I started by measuring and cutting the pieces for the areas I wanted to cover. Again, my intention was to help keep as much of the ram air in that area and force it into the radiator. All the other seals as shown in the diagram above, plus one at the bottom, are present and were installed about four years ago.

The neoprene rubber foam I ordered measures 1x1 inches, so there was a tiny amount that protruded above the edge of the ledge where I wanted to install it. Since I didn't want to have an exposed area of sticky material exposed, I decided to cut out about 1/4 of an inch plus a sliver of foam from right behind the adhesive.

I used a sharp blade to first score the backing paper and then carefully cut out the foam. Actually, it wasn't that hard since the neoprene rubber foam is pretty dense, which made the process a lot easier.

The red arrow in the photo above shows the LHS foam in place. This will greatly enhance the distribution of ram air by directing it through the radiator.

And the photo below shows the finished product with the radiator core support to shroud upper bracket installed.

The photo above shows the RHS of the same area. The portion of foam and adhesive I removed is hardly noticeable, and not having adhesive exposed will help the area to remain clean.

The following video shows you all the steps I took to make and install my own 1x1-inch neoprene rubber foam radiator-to-core-support seals.


As I mentioned earlier, I ordered these seals from Zip Corvette Parts, and I made sure they were the right ones for my Vette which has the L-48 engine. There are lots of seals available, so make sure to get the right one for your car if you need to install new ones.

When I received mine, I have to admit that I was a bit confused as to how they were supposed to be installed. There are no instructions included and I found a little bit of information online which gave me a better general understanding.

According to the Assembly Manual, it seems they are secured by one fastener each, but the seals do not have provisions for such fasteners, although installing one would be a matter of carefully poking an awl through and then install the fastener.

The next two photos show the seals I had installed a long time ago which were too short and provided little if any help.

I then tried to improve on my design by adding "extensions" to them but, again, they did nothing to seal the huge opening between the top of the radiator support and the hood. They also looked hideous!

Factory-correct seals, on the other hand, are shaped in such a way that they reach and seal against the hood properly to block ram air from getting past the radiator and being wasted in the engine bay.

As the photo above shows, they do not have an adhesive backing as the center filler foam strip next to them, which either requires the use of a fastener or, as I chose to do, use spray adhesive so I could attach them properly and to my liking.

The next two photos show the driver's side seal being test-fitted to the top of the radiator core support. I also added a couple of small foam cubes to the ends of each seal to close a small gap between the seals and the snorkel.

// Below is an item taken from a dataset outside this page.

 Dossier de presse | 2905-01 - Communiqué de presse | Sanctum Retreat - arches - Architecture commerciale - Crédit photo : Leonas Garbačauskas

The photo above shows how the seals must follow the contour of the core support to fit properly. And you can also see how they are shaped to seal the step-down portion of the inner hood.

I did not want my new seals to show spray glue overspray, so I masked them to keep the sides protected. The video below also explains and shows this in more detail.

I used 3M Hi-Strength 90 Spray Adhesive, which is labeled as "permanent." So my guess is that if I ever need to remove the seals for whatever reason—something I consider unlikely—I would need new seals.

The picture above shows the bottom edge of the seal after one coat of adhesive. However, for the driver's side seal, I decided to leave a few inches of the seal near the hood hinge free of glue since it wasn't really needed in that area. I explain and show that in the video

The photo above shows the RHS seal glued in place after spending several hours with the hood closed. You can see a couple of areas where a portion of the hood, as well as one of the hinge bolts, made impressions on the surface. This indicates that the seal is doing its job properly.

That's it for now. I hope you find this article and videos helpful.

Thank you for following my '76 Vette Blog!